Each having come from troubled homes, the three misfits find escape and solace in skateboarding together. The film follows them through every graze and tumble of their hard-knock lives, until some painful home truths emerge.Their stories become a symbol of an economically challenged society, stuck in a cycle of domestic abuse. The impact of violence on the boys, and the fact that things you love can hurt you the most becomes ever more clear.
Ultimately, Minding the Gap becomes a beautiful exploration of how the documentary can act as a tool and process of healing in itself. Each therapising themselves, some become trapped by context, whilst others use it as a springboard and keep on rolling no matter what.
This film started as a skate video, but turned into a film, as Liu became aware that his footage kept made his friends want to talk about their lives. Having grown up with a sense of loss caused by a violent step-father, Liu made the movie because his friend’s experiences resonated with his own. On top of an Academy Award nomination, Minding the Gap also won Best Documentary at Sheffield Doc/Fest and Sundance Film Festival.

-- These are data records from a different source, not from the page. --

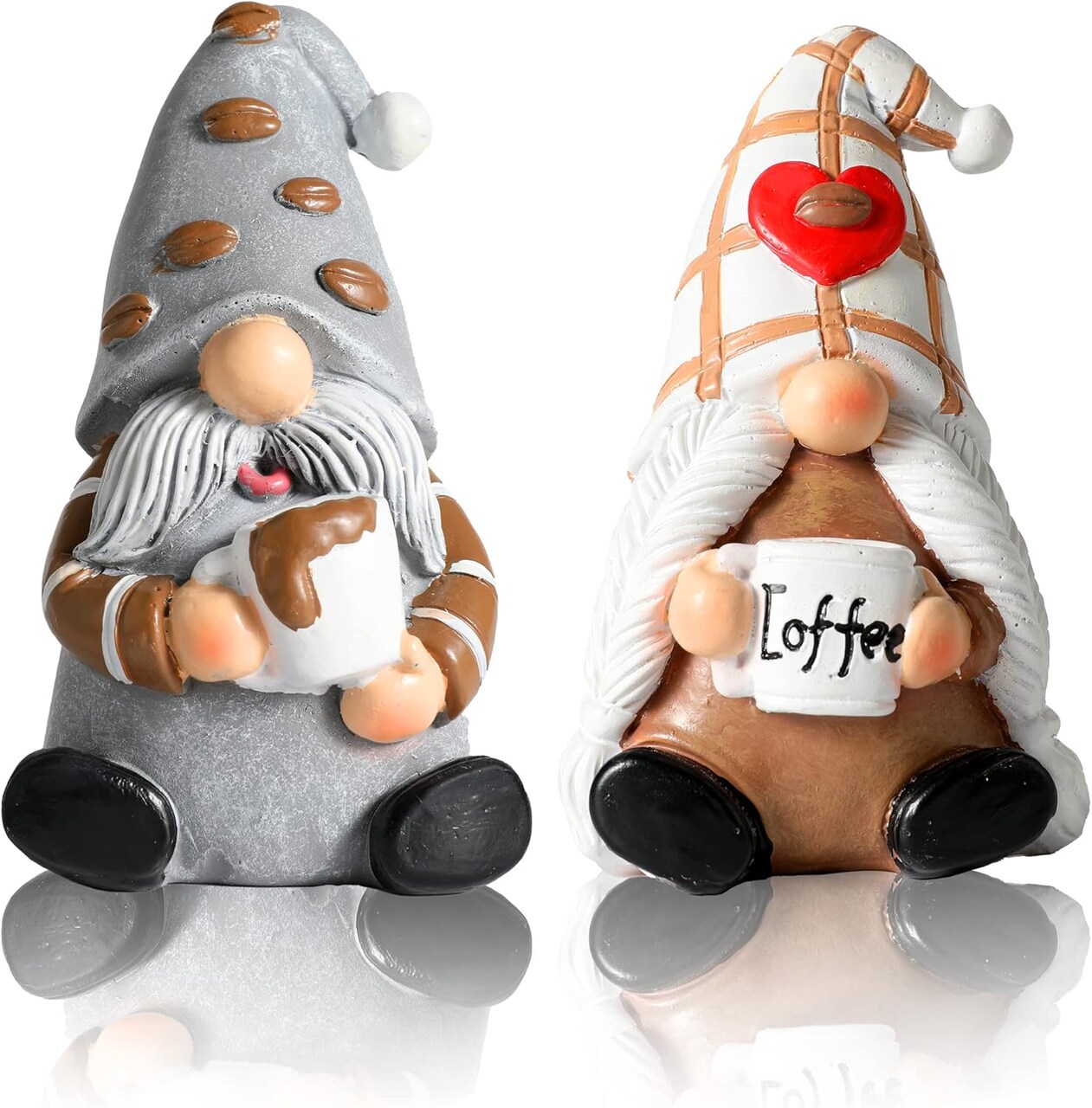 Coffee Gnomes – Set of 2 Resin Swedish Collectible Figurines, 4-inch Couple, Coffee Bar Accessories & Decor for Kitchen, Counter, Valentine’s Day Gift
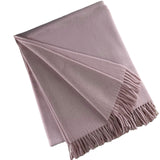 2138 - 100% Wool Two-Tone Throw with Fringe 50"x78"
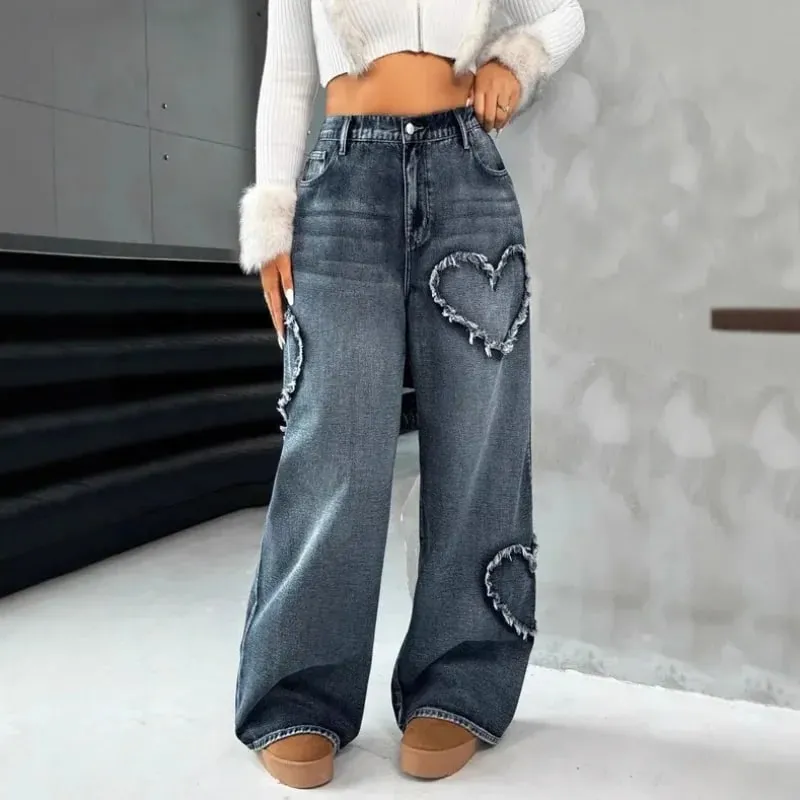 American Retro Frayed Edge Patchwork Heavy Washed Denim Jeans Unisex Street Loose Straight Wide-Leg Trousers 21095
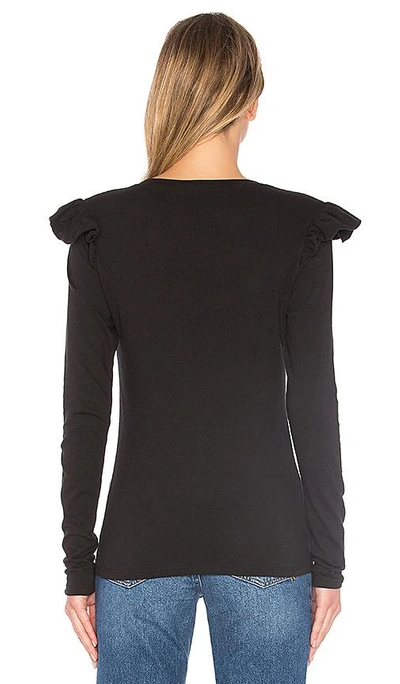 Shop Frame Ruffle Crew Top In Black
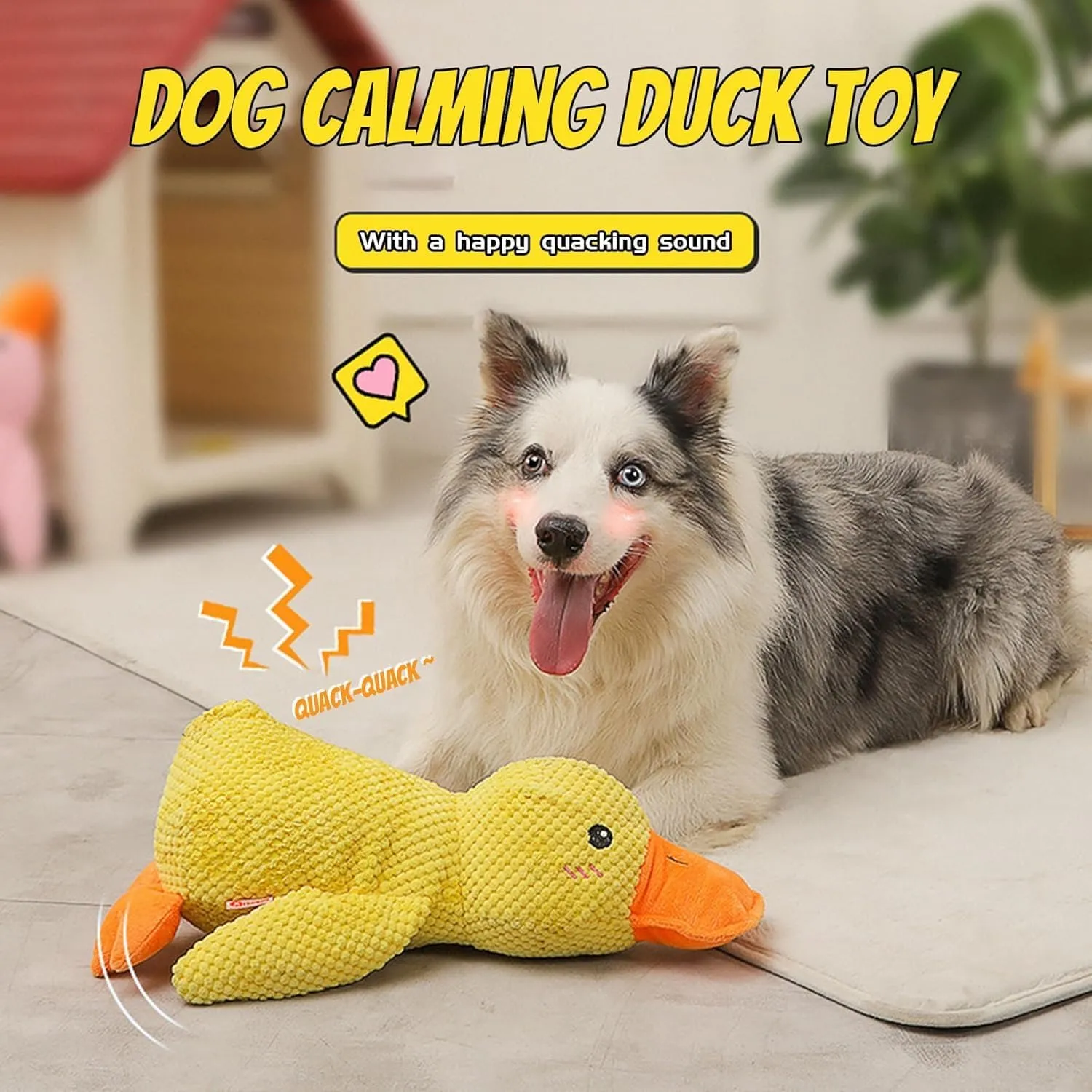 ZUMME Giocattolo da masticare Anatra. 28 * 32cm Peluche per cani, Peluche cigolante, Gioco interattivo per cani, Peluche interattiva da coccolare, per cani di taglia piccola, media e grande (Giallo) - immagine 3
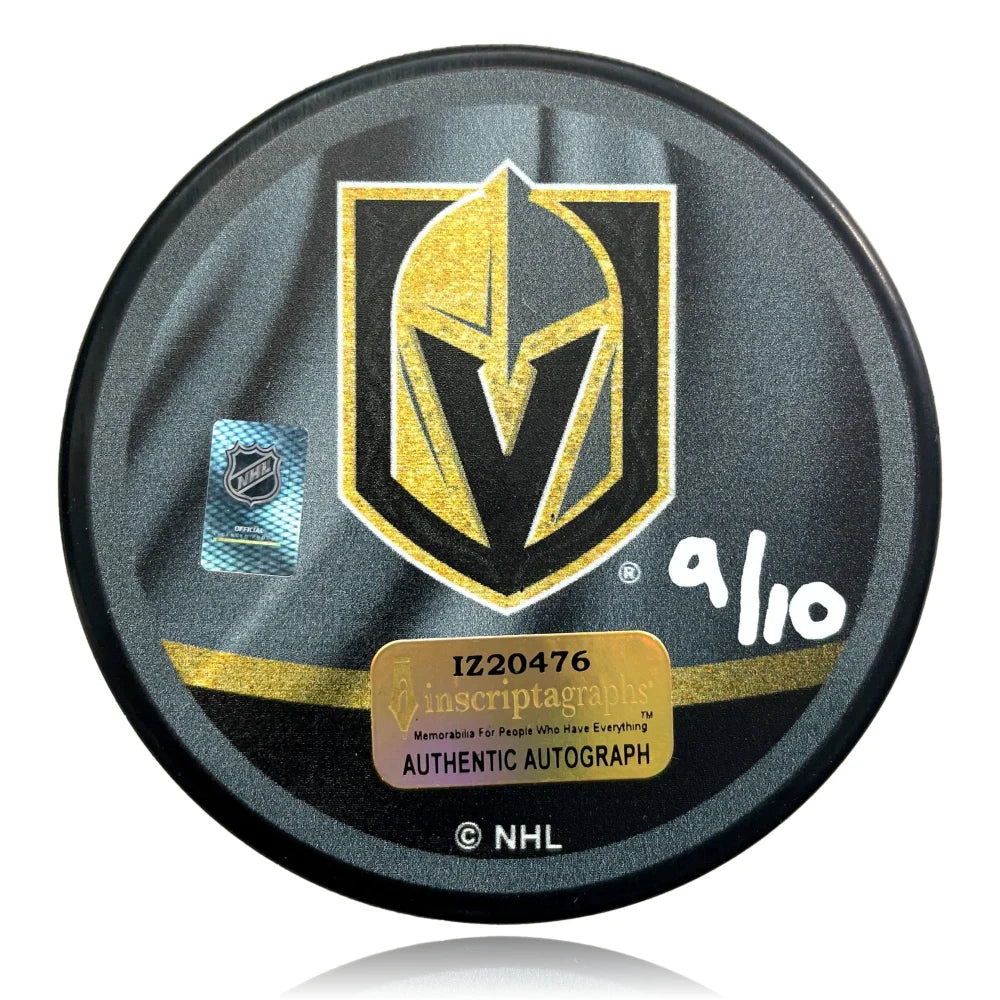 Mark Stone Signed Vegas Golden Knights Retro Hockey Puck - 1st VGK Captain 1/13/21 #D/10 with COA - Collectible Memorabilia for NHL Fans & Sports Enthusiasts
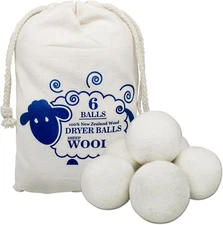 Reusable Wool Dryer Balls for Laundry, 6-Pack Handmade Drying Balls 2.36 in, Nat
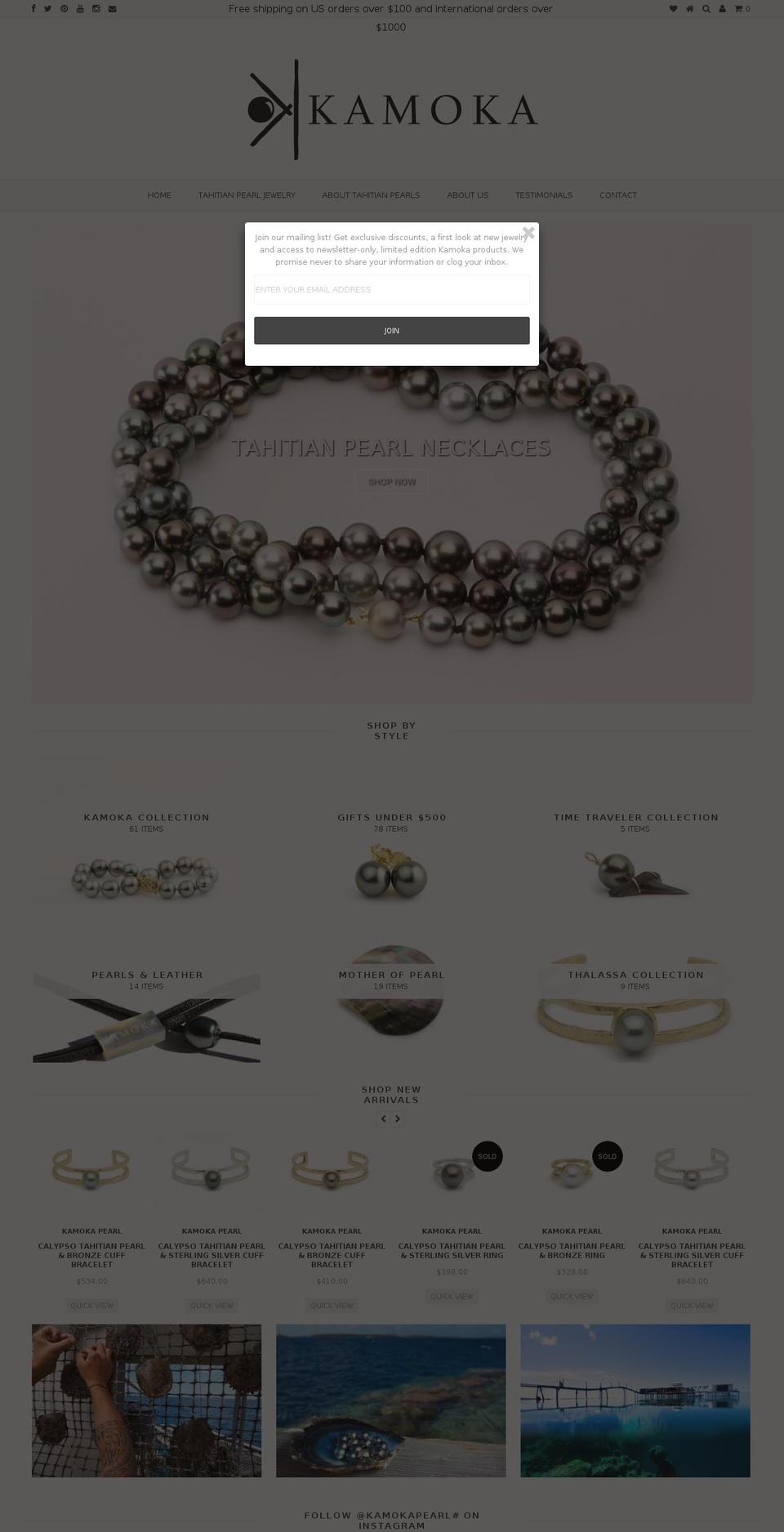kamokapearls.com shopify website screenshot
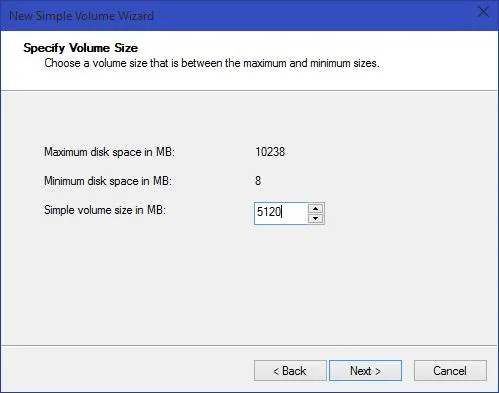 volume size wizard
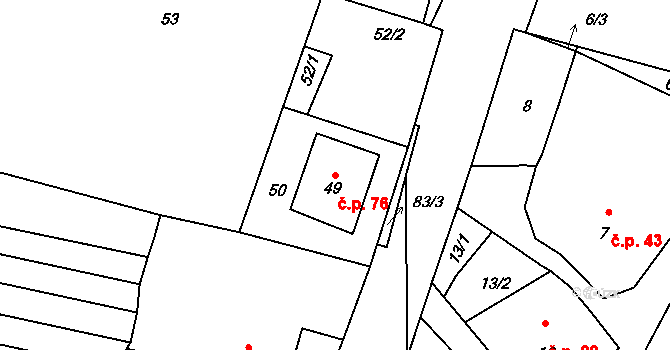 Chrudichromy 76 na parcele st. 49 v KÚ Chrudichromy, Katastrální mapa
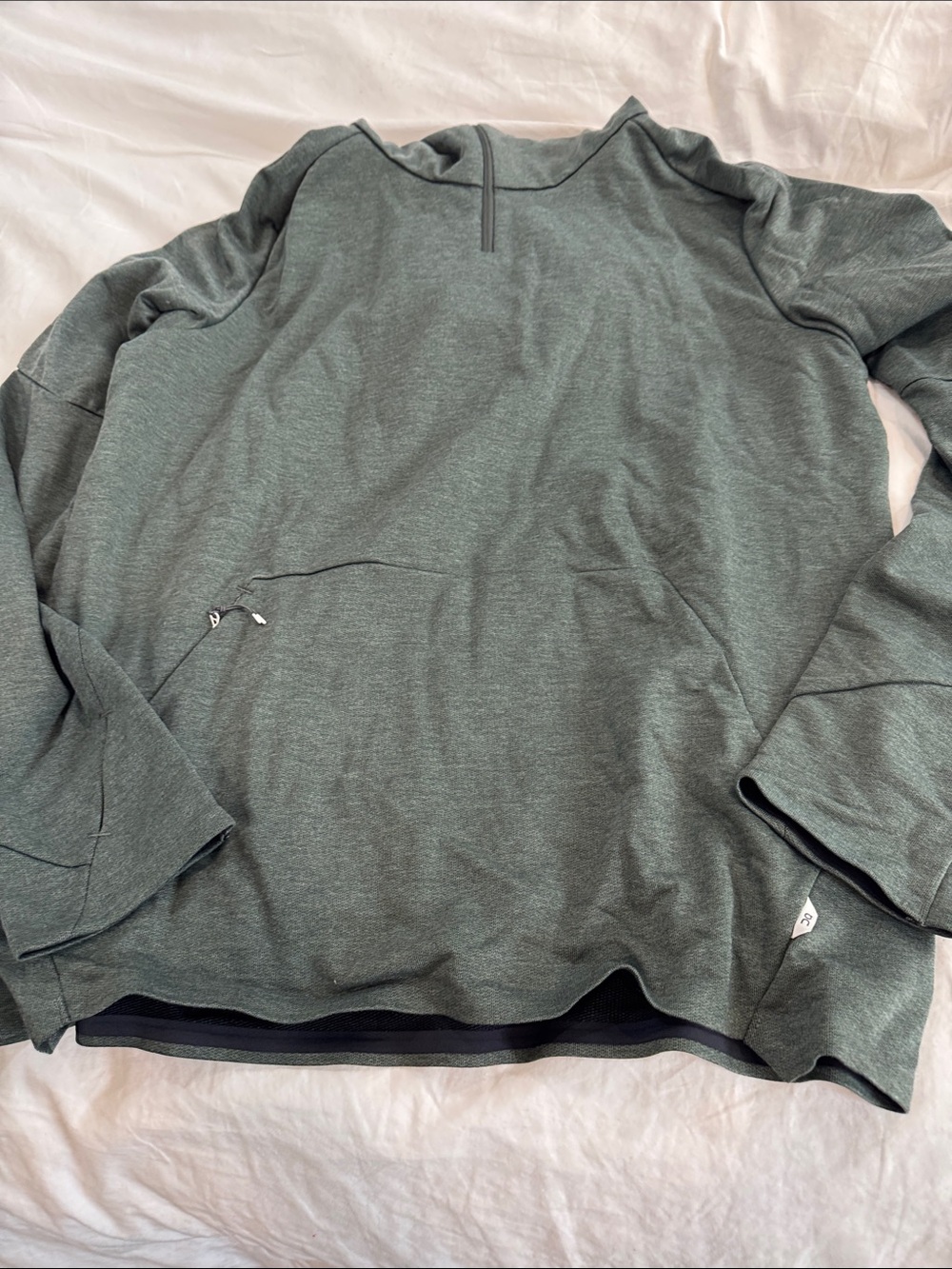On Running Men's Quarter-Zip Pullover Hoodie in Heather Olive Green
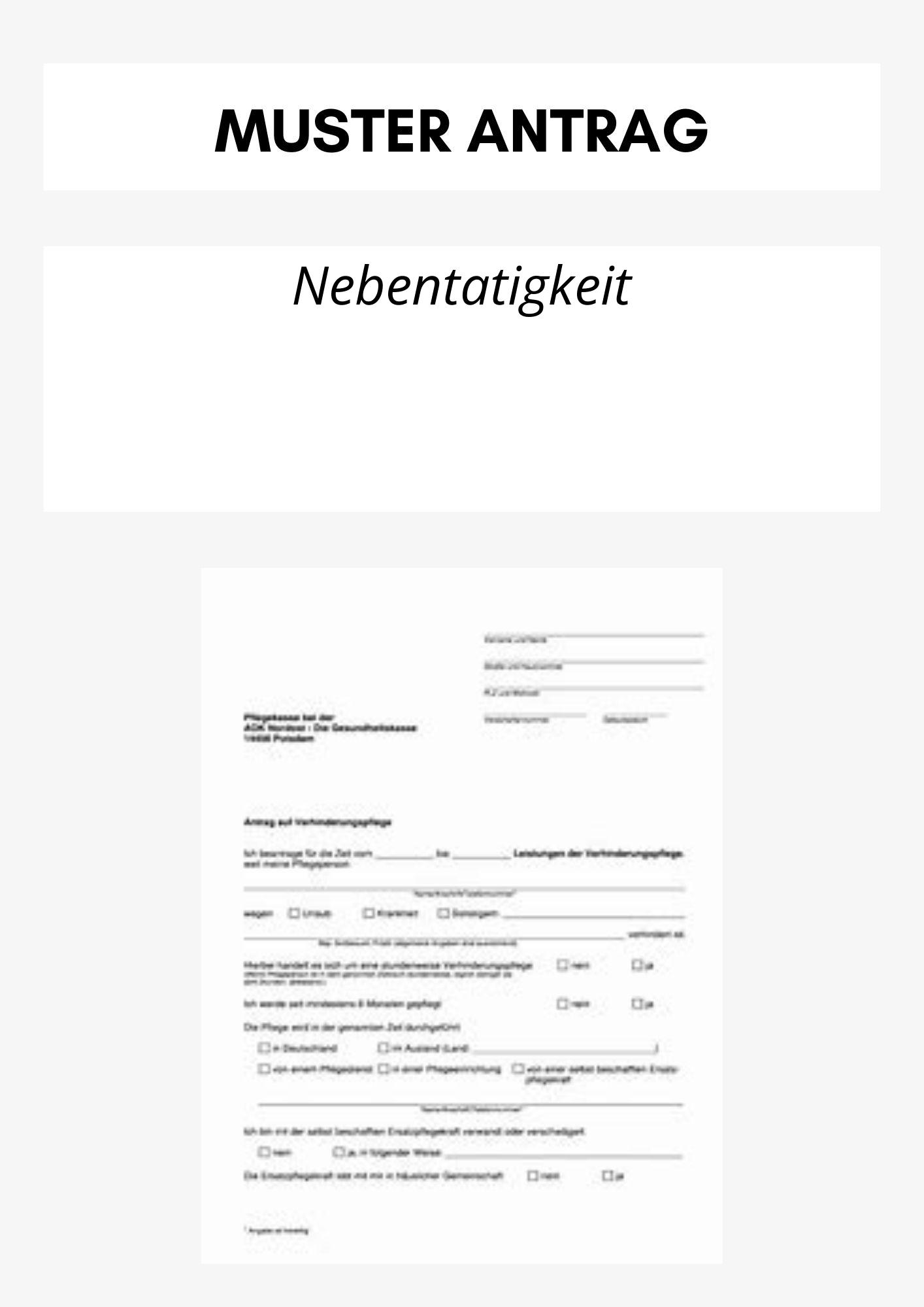 Antrag Auf Nebentätigkeit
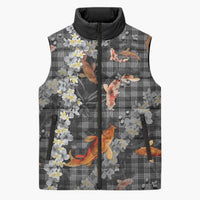 Black Palaka Hawaiian And Japanese Sleeveless Puffer Jacket Sakura Lei With Koi Fish DT05 Unisex Black - Polynesian Pride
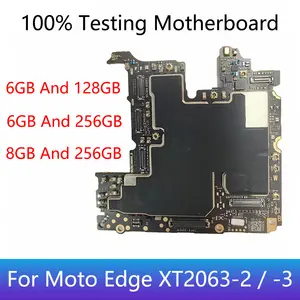 Bilashmart Original Moto Edge XT2063 2 XT2063 3 Motherboard Mobile Electronic Panel Mainboard Circuits With Chips Plate 6GB And 128GB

Bing Liu moved from China to Alabama to California to Rockford, Illinois with his mother all before he was 8 years old. He honed his cinematography and editing skills making DIY skateboarding films as a teenager. When he was 19 he moved to Chicago and began freelancing as a grip whilst studying literature. At 23, he working in the camera department on fiction films and episodic television series. Minding the Gap is Liu’s debut feature film, which he began working on in 2014 as both director, cinematographer and co-editor.